Aug 16, 2011

Tibet: Beijing Claims Lawyer Forgot His Way Home

Chinese Authorities are claiming that outspoken human rights lawyer, Gao Zhisheng lost his way home after being released from five years of probation.  The lawyer remains missing as his wife calls on the international community for help securing his freedom.

Below is an article published by Radio Free Asia:

Outspoken Chinese rights lawyer Gao Zhisheng remains missing despite the end on Sunday of a five-year period of “probation,” and his wife is calling on the international community to press China to free him.

“There has been no word from him at all,” Gao’s U.S.-based wife Geng He said in an interview on Monday [date].

“I called the Public Security Bureau in Beijing, and they said ‘Gao Zhisheng has lost his way home,’” said Gao’s older brother, Gao Zhiyi.

“That is completely impossible,” added Gao. “How could an adult like him lose his way home?”

Gao Zhisheng, 49, was last seen by his family in April 2010.

“Following his [earlier] arrest on Aug. 15, 2006, this is the sixth time that Gao Zhisheng has gone missing for an extended period. The family is very worried,” Geng said.

“We have to search for him by ourselves, and his older brother has posted a public ‘missing person’ notice to look for him,” she said.

Gao was handed a five-year sentence of probation in lieu of a three-year prison sentence in 2006 for “subversion.”  That period of probation officially ended on Sunday.

Geng He fled to the United States from China with both their children in 2009.

“This Aug. 14 was the last day of probation,” Geng said. “I think there is absolutely no reason for the Chinese authorities to keep locking my husband up.”

“I urge them to release my husband. Our children are missing their father,” Geng said.

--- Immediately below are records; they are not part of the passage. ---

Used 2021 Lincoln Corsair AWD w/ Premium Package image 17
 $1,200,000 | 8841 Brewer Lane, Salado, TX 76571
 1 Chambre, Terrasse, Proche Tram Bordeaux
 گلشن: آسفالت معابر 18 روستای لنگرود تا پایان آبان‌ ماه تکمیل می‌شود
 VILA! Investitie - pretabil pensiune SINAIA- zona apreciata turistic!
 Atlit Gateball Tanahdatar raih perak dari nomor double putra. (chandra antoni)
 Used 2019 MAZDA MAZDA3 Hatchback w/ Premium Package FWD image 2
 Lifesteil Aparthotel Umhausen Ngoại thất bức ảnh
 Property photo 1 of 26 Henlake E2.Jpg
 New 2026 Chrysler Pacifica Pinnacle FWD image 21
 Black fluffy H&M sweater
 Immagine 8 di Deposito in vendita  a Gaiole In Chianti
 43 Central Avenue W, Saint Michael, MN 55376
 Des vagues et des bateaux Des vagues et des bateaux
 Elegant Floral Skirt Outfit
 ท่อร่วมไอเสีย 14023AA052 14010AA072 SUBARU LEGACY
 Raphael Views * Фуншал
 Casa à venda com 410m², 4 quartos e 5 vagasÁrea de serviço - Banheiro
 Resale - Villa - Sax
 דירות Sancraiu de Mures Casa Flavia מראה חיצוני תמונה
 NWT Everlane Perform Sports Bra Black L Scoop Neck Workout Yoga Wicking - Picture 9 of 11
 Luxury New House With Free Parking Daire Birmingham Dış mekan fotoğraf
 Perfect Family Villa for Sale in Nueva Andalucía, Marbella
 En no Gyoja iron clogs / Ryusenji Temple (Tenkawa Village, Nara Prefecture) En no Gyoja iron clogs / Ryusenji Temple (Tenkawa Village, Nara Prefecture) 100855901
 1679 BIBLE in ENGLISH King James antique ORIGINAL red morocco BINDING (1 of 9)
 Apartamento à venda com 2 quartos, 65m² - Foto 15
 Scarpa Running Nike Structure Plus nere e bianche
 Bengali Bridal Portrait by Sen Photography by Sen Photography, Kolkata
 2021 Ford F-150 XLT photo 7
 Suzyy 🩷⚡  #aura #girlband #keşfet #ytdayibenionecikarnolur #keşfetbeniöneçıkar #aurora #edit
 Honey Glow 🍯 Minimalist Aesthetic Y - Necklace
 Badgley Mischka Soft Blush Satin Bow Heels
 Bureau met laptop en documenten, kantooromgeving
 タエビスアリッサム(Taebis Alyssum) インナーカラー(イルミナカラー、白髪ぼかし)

Geng Ge, the daughter of Gao and Geng, expressed her longing for her father to come home.

“I miss my dad day and night, so I have posted many of his photos on the wall in my room. Sometimes I talk to those pictures,” she said.

Geng He called on the international community to pressure Beijing to release her husband.

“I know that U.S. Vice President Joe Biden will travel to China. I hope that he can raise the issue of my husband in Beijing,” Geng said.

Joe Biden leaves for Beijing on Aug. 16.

Geng said that on Sunday, she received a letter from Edward McMillan-Scott, a British member and vice president of the European Parliament, expressing concern over Gao’s continued disappearance.

Geng said that she will forward a copy of the letter to Baroness Cathy Ashton, the European Union High Representative for Foreign Affairs.

“They have been paying attention to the abduction and torture of my husband.”